| Gedenktag

Zur falschen Zeit am falschen Platz

Jan Hus (1369 - 1415)

„Heute bratet ihr eine Gans, aber aus der Asche wird ein Schwan entstehen“, soll Jan Hus am Tage seiner Hinrichtung auf dem Konstanzer Konzil gesagt haben. „Husa“ steht tschechisch für „Gans“. Theologen deuteten den Schwan auf Luther hin und machten ab dem 18. Jahrhundert den Schwan zum Symbol des Reformators.

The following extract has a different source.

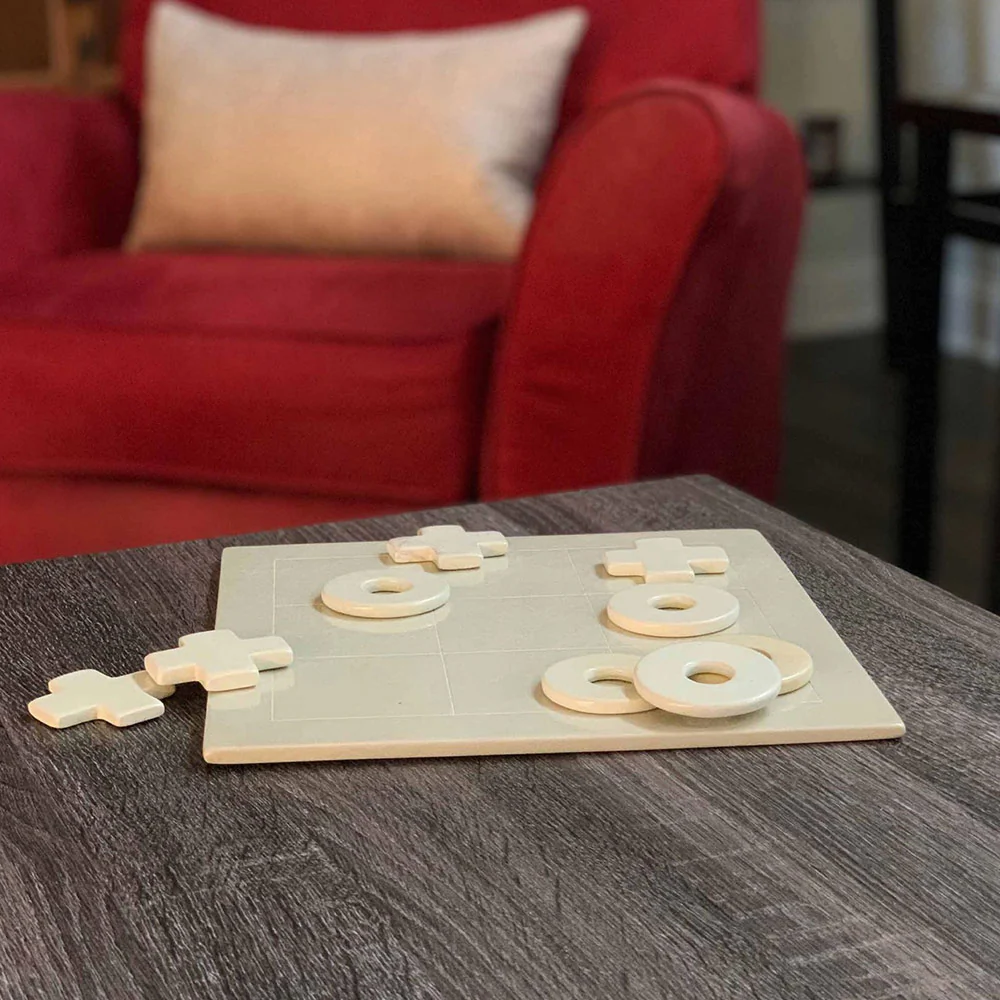 Hand Carved Soapstone Tic-Tac-Toe Game Set - Image 5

Die Skulptur von Johann Huss am Lutherdenkmal in Worms. Der Tscheche wurde 1415 auf dem Konzil zu Konstanz als Ketzer verbrannt.EPD-Bild

Ab 1390 studierte Hus an der Universität in Prag. Dort kam er mit den Lehren des Oxforder Theologen John Wyclif in Kontakt. Wyclif war vom Lebensstil des englischen Klerus angewidert und forderte die Abkehr der Kirche von Besitz und weltlicher Macht. Hus studierte daraufhin Theologie und wurde 1400 zum Priester geweiht. Zwei Jahre später predigte er in tschechischer Sprache und führte das gemeinsame Singen im Gottesdienst ein – ebenfalls in tschechischer Sprache. Das Volk strömte zu ihm. Hus übernahm die Kritik von Wyclif und erweiterte sie. Er trat für Gewissensfreiheit ein und benannte die Bibel als einzige Autorität in Glaubensfragen ¬ im Gegensatz zur Lehre, dass der Papst die letzte Instanz sei. 1408 wurde er beim Prager Erzbischof denunziert, welcher ihm daraufhin verbot, Gottesdienst zu halten und zu predigen.

Die Pointe dabei war, dass der Klerus in Prag und Böhmen zur deutschen Oberschicht gehörte, das Volk aber tschechisch war. Also traf seine Kritik die Deutschen. Dies ließ einen tschechischen Nationalcharakter entstehen – so etwas geschah zum ersten Mal in Europa. So wurde Hus zum Wortführer der Tschechen.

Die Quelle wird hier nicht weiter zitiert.